Carnegie Initiative On the Doctorate Selects Partner Departments
Menlo Park, Calif.
The Carnegie Initiative on the Doctorate (CID), a multi-year research and action project aimed at improving doctoral education at American universities, announced the selection of 32 partner departments in chemistry, education, English and mathematics.
Partner departments will analyze all aspects of their doctoral programs and link specific activities to desired outcomes. Departments will begin this analysis by clarifying their goals for doctoral education in their respective disciplines, and will commit to creating “design experiments” in doctoral education to better meet their identified goals.
“We embarked on this project because we felt that this is a propitious time to study new opportunities and responsibilities resulting from evolution of the disciplines as well as general changes in education and society,” says Dr. George E. Walker, a senior scholar at the Carnegie Foundation for the Advancement of Teaching and director of the CID study.
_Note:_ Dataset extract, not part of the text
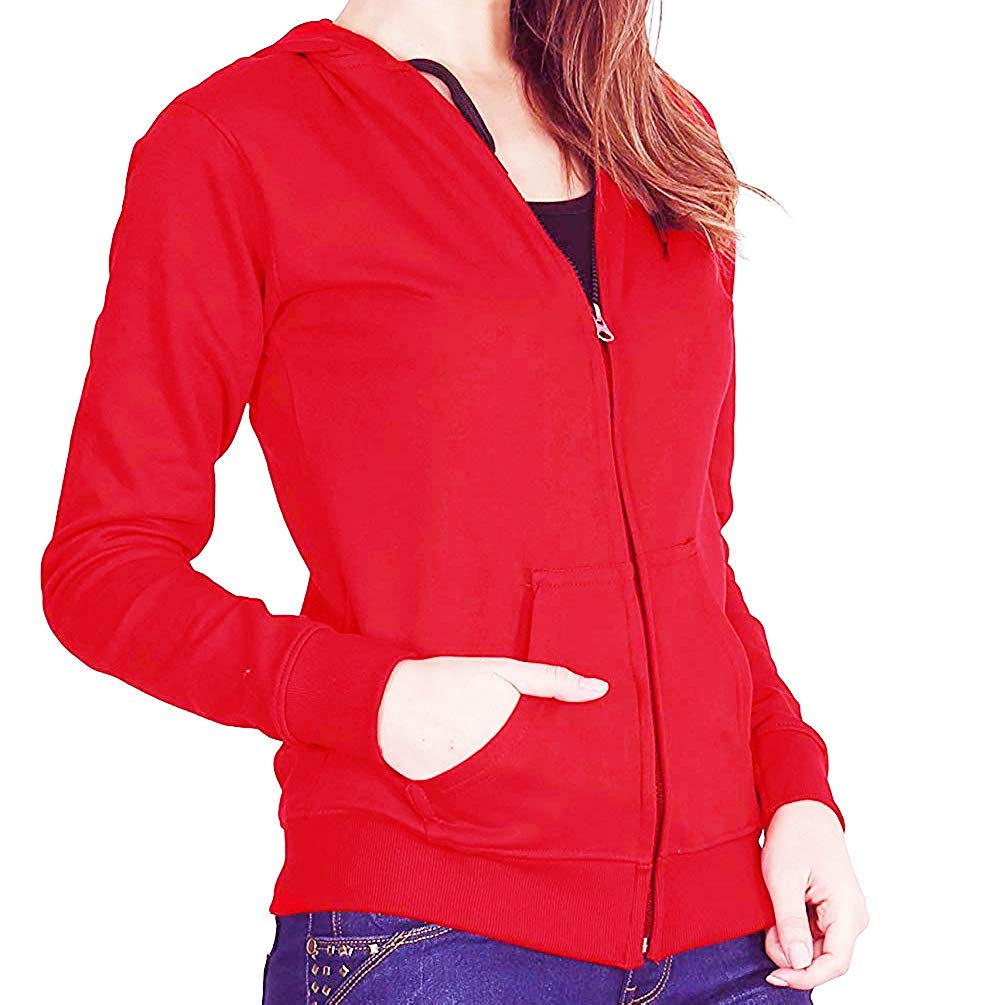 Prokick Women's Cotton Sweatshirt/Hoodie - Red - Best Price online Prokicksports.com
Walker also is vice president for research and dean of the University Graduate School at Indiana University.
The project’s goals are to support and study experiments in doctoral education with leading graduate programs, to document and analyze the character of those initiatives and, working with these innovative departments, to help the disciplinary community create models and evidence of success to inform others in the field, explains Dr. Chris Golde, a Carnegie senior scholar and research director.
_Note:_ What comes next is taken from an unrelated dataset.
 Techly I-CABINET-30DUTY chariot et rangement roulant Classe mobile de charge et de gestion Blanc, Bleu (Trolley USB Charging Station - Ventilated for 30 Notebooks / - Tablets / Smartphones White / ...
“We’re working with departments which are committed to being stewards of the discipline,” Golde says. “We don’t just mean a preservation of the heart and essence of the field, although that’s important, but we chose those departments who have a critical eye toward the future, who are willing to take risks and move the discipline forward.”
The doctoral degree is critical to the continued improvement of all American education, from the elementary school to the graduate school, says Dr. Lee S. Shulman, president of the Carnegie Foundation for the Advancement of Teaching.
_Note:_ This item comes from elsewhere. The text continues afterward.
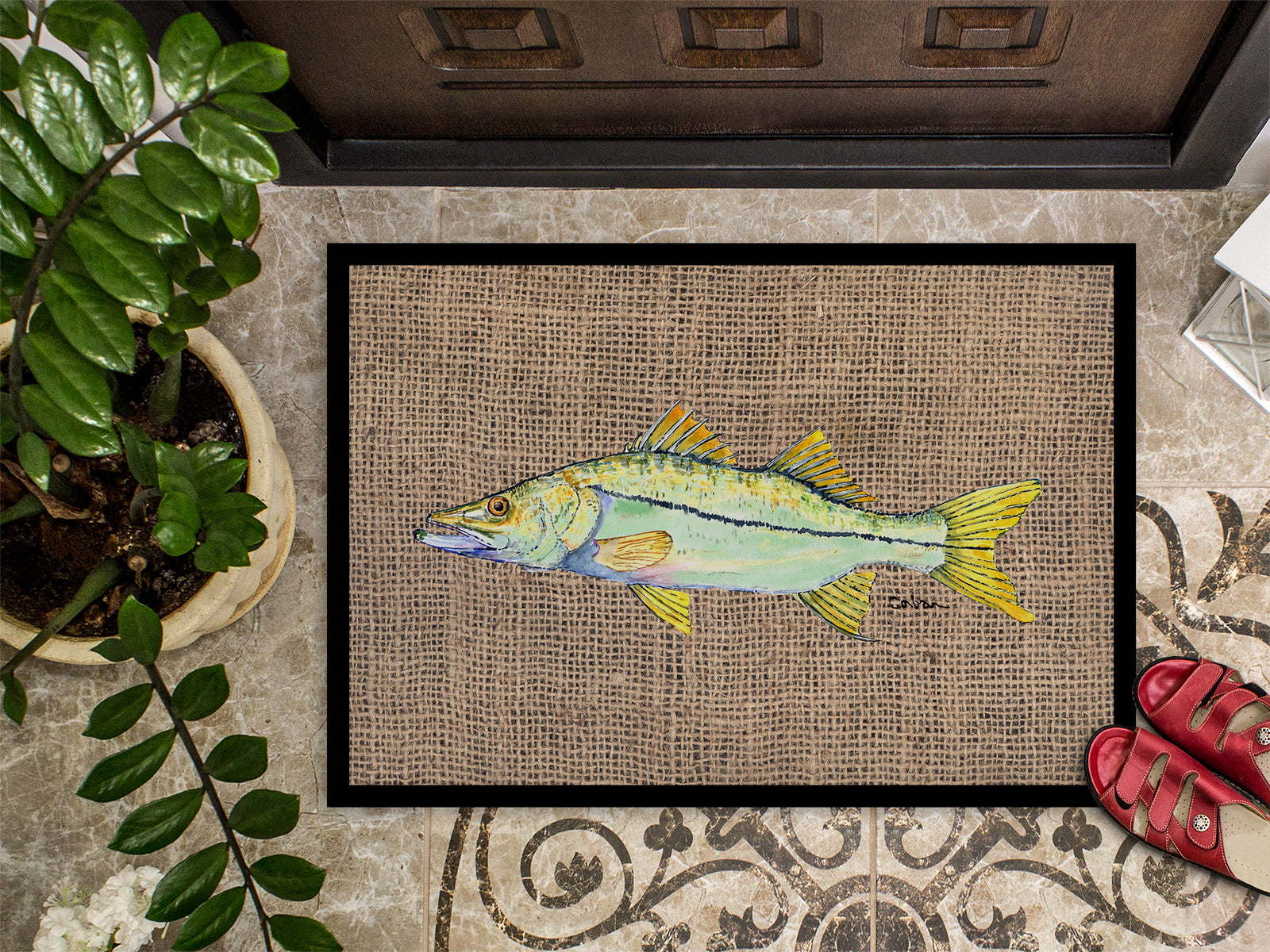 Caroline's Treasures Snook Doormat - 24x36 Decorative Floor Mat – Indoor/Outdoor Rug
“If educators hope to change the character of undergraduate education, the Ph.D. is critical; doctoral programs prepare and socialize the next generation of undergraduate teachers. If we wish to influence the course of elementary and secondary schools, the Ph.D. is critical; for those who hold the doctorate also educate those who teach our nation’s schoolchildren,” Shulman says.
The CID also has selected 22 allied departments who will help form a network in each discipline to provide further information collection and dissemination about the study.
Founded in 1905 by Andrew Carnegie, the Carnegie Foundation for the Advancement of Teaching is the only advanced study center for teachers in the world and the third oldest foundation in the nation.